→ **DATA SUPPLIED**
*** Block opens ***
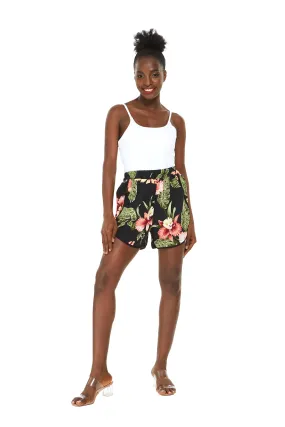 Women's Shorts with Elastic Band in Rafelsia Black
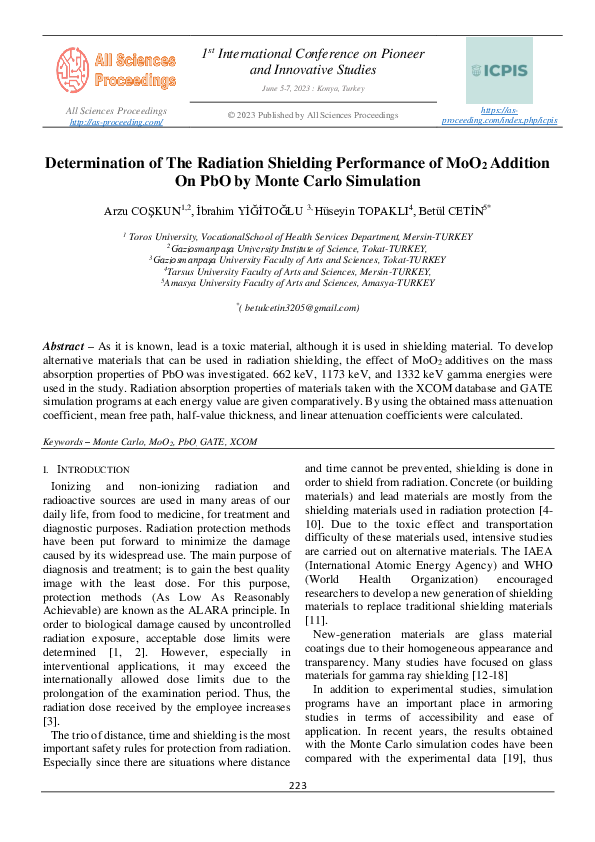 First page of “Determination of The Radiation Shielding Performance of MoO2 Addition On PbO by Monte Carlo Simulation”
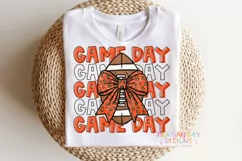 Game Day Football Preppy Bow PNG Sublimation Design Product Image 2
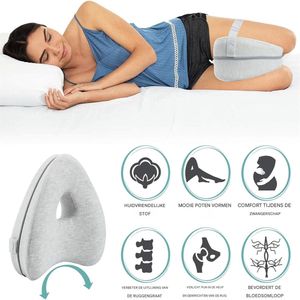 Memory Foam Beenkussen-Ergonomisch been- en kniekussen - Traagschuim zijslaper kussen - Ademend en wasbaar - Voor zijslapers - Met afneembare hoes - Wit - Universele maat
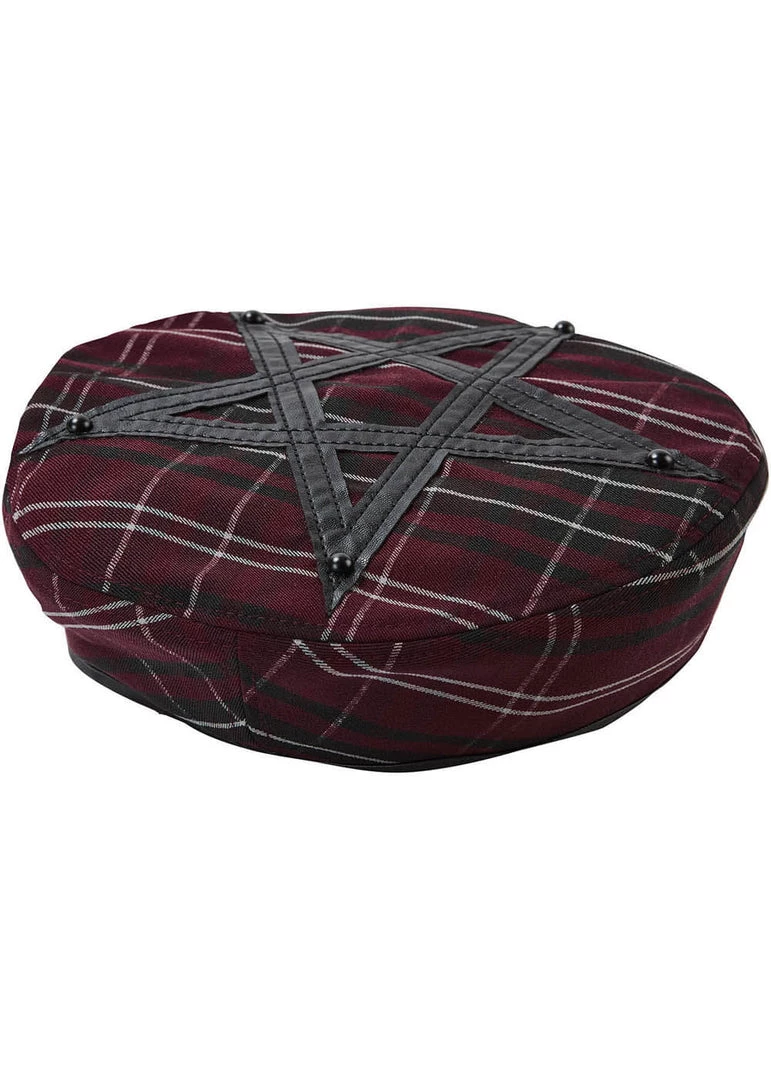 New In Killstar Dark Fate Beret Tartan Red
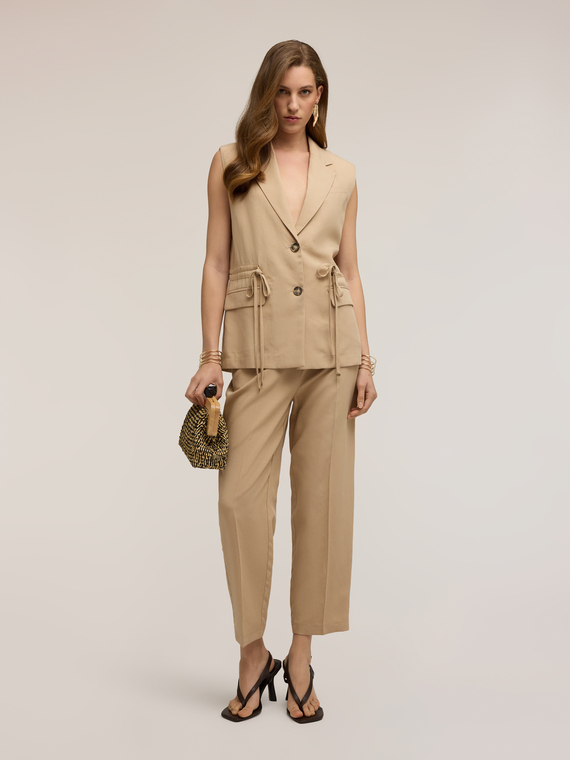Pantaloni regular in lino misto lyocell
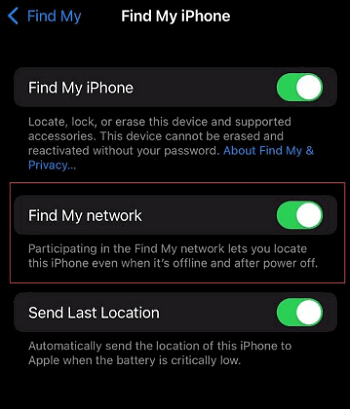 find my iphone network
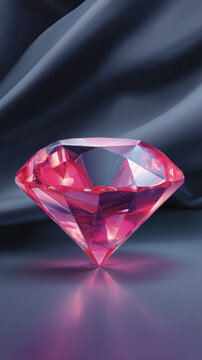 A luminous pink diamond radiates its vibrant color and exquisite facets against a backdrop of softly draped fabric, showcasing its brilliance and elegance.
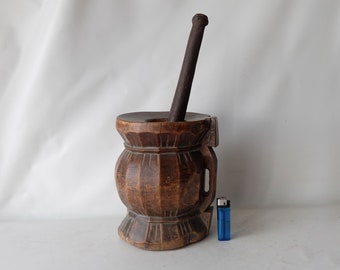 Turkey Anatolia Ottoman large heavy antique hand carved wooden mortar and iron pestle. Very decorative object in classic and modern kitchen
*** Block closes ***
→ **PROBLEM TO WORK ON**
The answer is the complete set of records, copied exactly, with pictures omitted.

→ **ANSWER TO THIS EXERCISE**
 Women's Shorts with Elastic Band in Rafelsia Black
 First page of “Determination of The Radiation Shielding Performance of MoO2 Addition On PbO by Monte Carlo Simulation”
 Game Day Football Preppy Bow PNG Sublimation Design Product Image 2
 Memory Foam Beenkussen-Ergonomisch been- en kniekussen - Traagschuim zijslaper kussen - Ademend en wasbaar - Voor zijslapers - Met afneembare hoes - Wit - Universele maat
 New In Killstar Dark Fate Beret Tartan Red
Pantaloni regular in lino misto lyocell
 find my iphone network
 A luminous pink diamond radiates its vibrant color and exquisite facets against a backdrop of softly draped fabric, showcasing its brilliance and elegance.
 Turkey Anatolia Ottoman large heavy antique hand carved wooden mortar and iron pestle. Very decorative object in classic and modern kitchen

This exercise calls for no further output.